◆ **Instructions for the task**:
From the line containing "1623 Green Briar Drive Huntsville, TX 77340" down to the line containing "Bonus to dropping" in the records below, reproduce every line exactly, ends included, and omit all others.

◆ **Supplied entries**:

◇ ◇ ◇ ◇ ◇

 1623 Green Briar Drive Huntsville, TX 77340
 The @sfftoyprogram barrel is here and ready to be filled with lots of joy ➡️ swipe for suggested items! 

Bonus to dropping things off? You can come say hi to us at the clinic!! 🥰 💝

◇ ◇ ◇ ◇ ◇

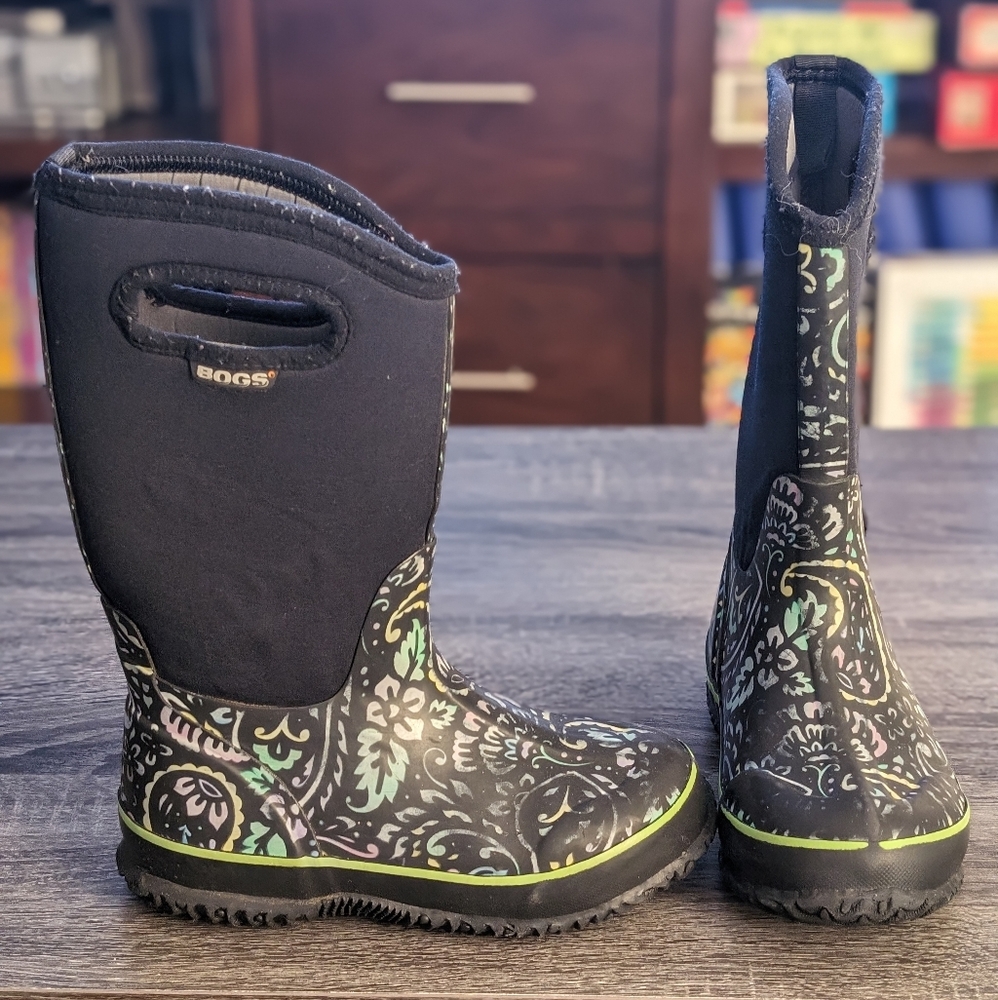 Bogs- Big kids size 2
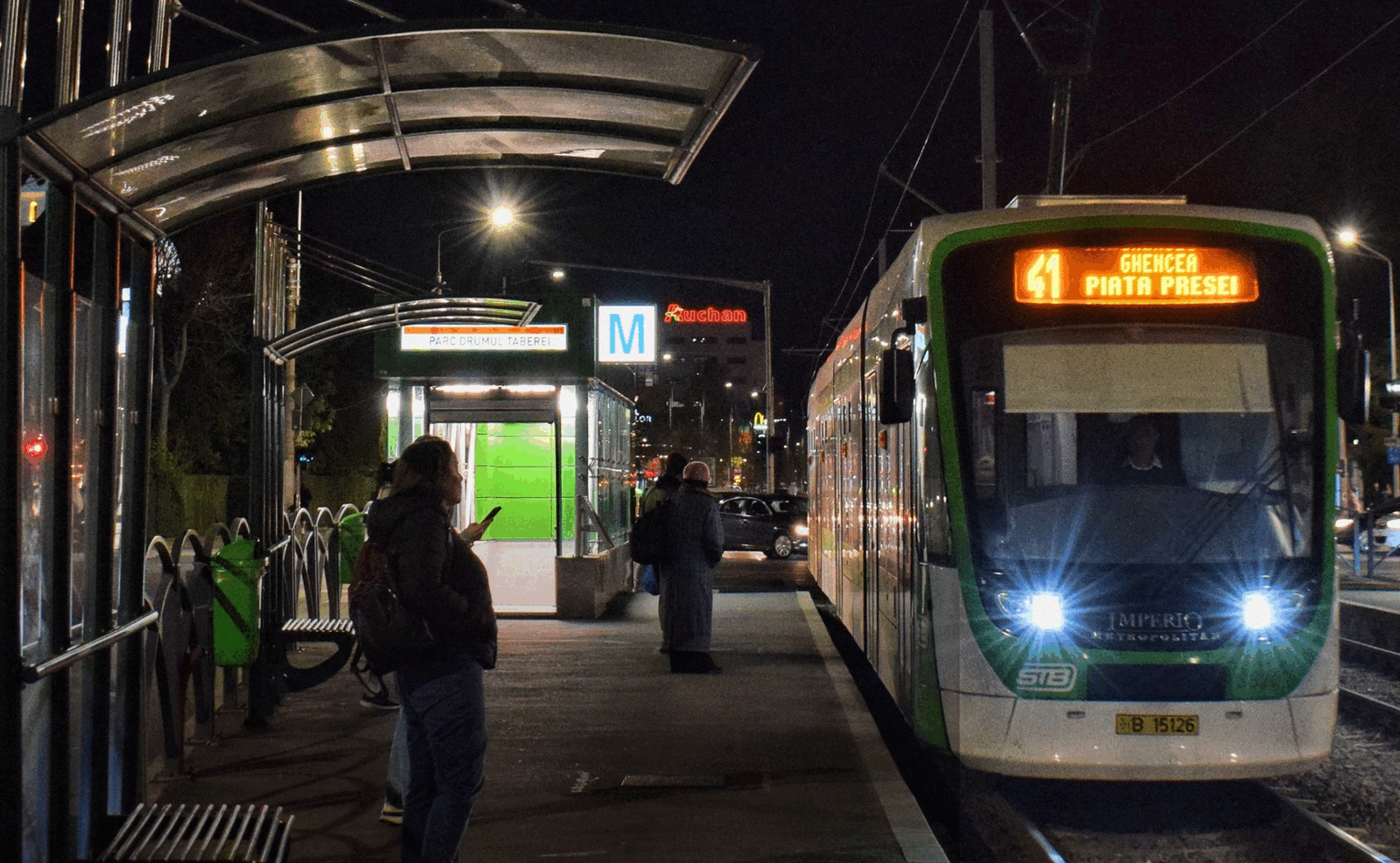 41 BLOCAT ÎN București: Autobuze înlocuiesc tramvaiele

◇ ◇ ◇ ◇ ◇

◆ **Your solution**:
 1623 Green Briar Drive Huntsville, TX 77340
 The @sfftoyprogram barrel is here and ready to be filled with lots of joy ➡️ swipe for suggested items! 

Bonus to dropping things off? You can come say hi to us at the clinic!! 🥰 💝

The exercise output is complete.